Summary
As I see it, the problem that you noticed is a consequence of the fundamental limitations of floating point arithmetic; in particular
- the order of floating-point calculations (in the given case: summation) matters, and
- choosing different algorithms that choose different orders thus may lead to slightly different results when given the exact same inputs – neither result of which should be considered "more correct" than the other.
Why the order of summation matters
Consider the example from the code below, in which we want to sum all elements of an array a
. We will do this in two different orders: sum_1
sums all values from left to right, sum_2
progressively sums all neighboring pairs of values until only one value remains. Mathematically, this should not make a difference, as summation is an associative operation on real numbers. It is not associative on the floating point numbers on a computer, however, as we see from the output of the last line:
import numpy as np
eps_half = np.finfo(float).eps / 2
a = np.asarray([0.5, 0.5, eps_half, eps_half], dtype=float)

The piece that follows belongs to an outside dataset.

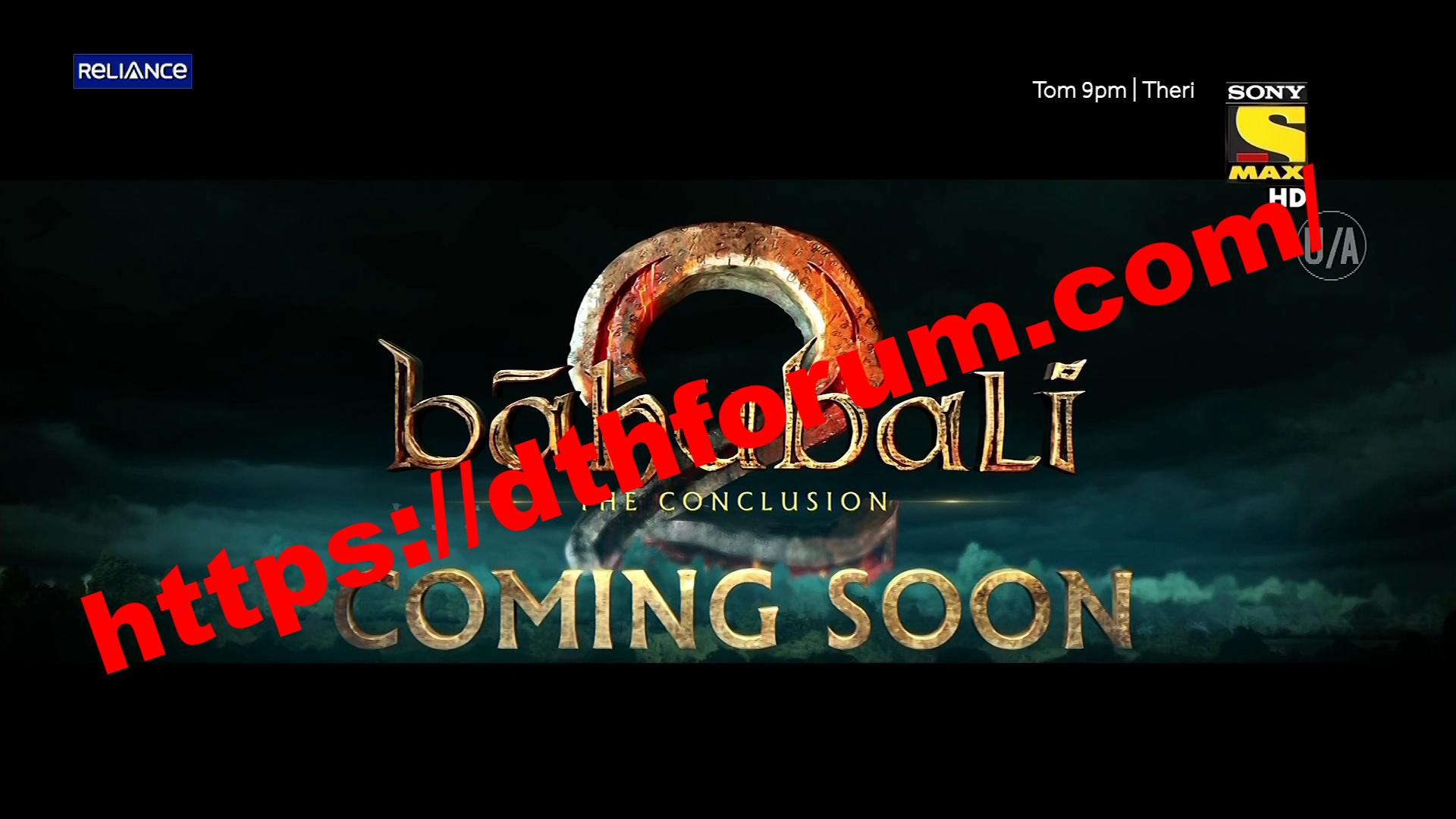 Baahubali 2: The Conclusion Premiering Soon Only On Sony Max - Conclusion, Transparent background PNG HD thumbnail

sum_1 = ((a[0] + a[1]) + a[2]) + a[3]
sum_2 = (a[0] + a[1]) + (a[2] + a[3])
print(sum_1, "versus", sum_2)
# >>> 1.0 versus 1.0000000000000002
What is going on here? Notice the use of eps
, which is defined as the difference between 1.0 and the next smallest representable float larger than 1.0. For the float
type, at least on my system, the value is ca. 2e-16
, i.e. 0.0000000000000002. The definition implies that, if we add a value smaller than eps
to 1.0, the result will still be 1.0!
In the constructed example from above, the latter happens in the calculation for sum_1
but not for sum_2
, as we can see from their calculation steps:
- steps for
sum_1
:
0.5 + 0.5 → 1.0
add a[0] and a[1]: works as expected
1.0 + eps/2 → 1.0
add a[2] to previous sum: eps/2 is too small for the result to be represented as its own float value larger than 1.0, so the sum remains 1.0
1.0 + eps/2 → 1.0
add a[3] to previous sum: same problem as in step 2
- steps for
sum_2
:
0.5 + 0.5 → 1.0
add a[0] and a[1]: works as expected
eps/2 + eps/2 → eps
add a[2] and a[3]: works as expected
1.0 + eps → 1.0000000000000002
add results from steps 1 and 2: works as expected, because eps is large enough for the result to be represented as its own float value larger than 1.0
What this has to do with matrix-vector products
You might ask yourself what your observation has to do with my example from above. Here is what is most likely going on:
For each element in the result vector of a matrix-vector product, as is calculated in your code, essentially we calculate a dot product of two vectors: (1) the corresponding row of the given matrix and (2) the given vector. The dot product, by definition, multiplies the corresponding elements of the given vectors, then sums these intermediate results. Now the only option that may give us different results in calculating a matrix-vector product from identical input values may lie in this summation; or rather, its order, as the last step of each dot product. And here is the thing:
- We see cancellation effects as in my example above with floating point summations all the time; this is not a particular problem of summing 1.0 and
eps
, but a general problem of summing large and small floating point values.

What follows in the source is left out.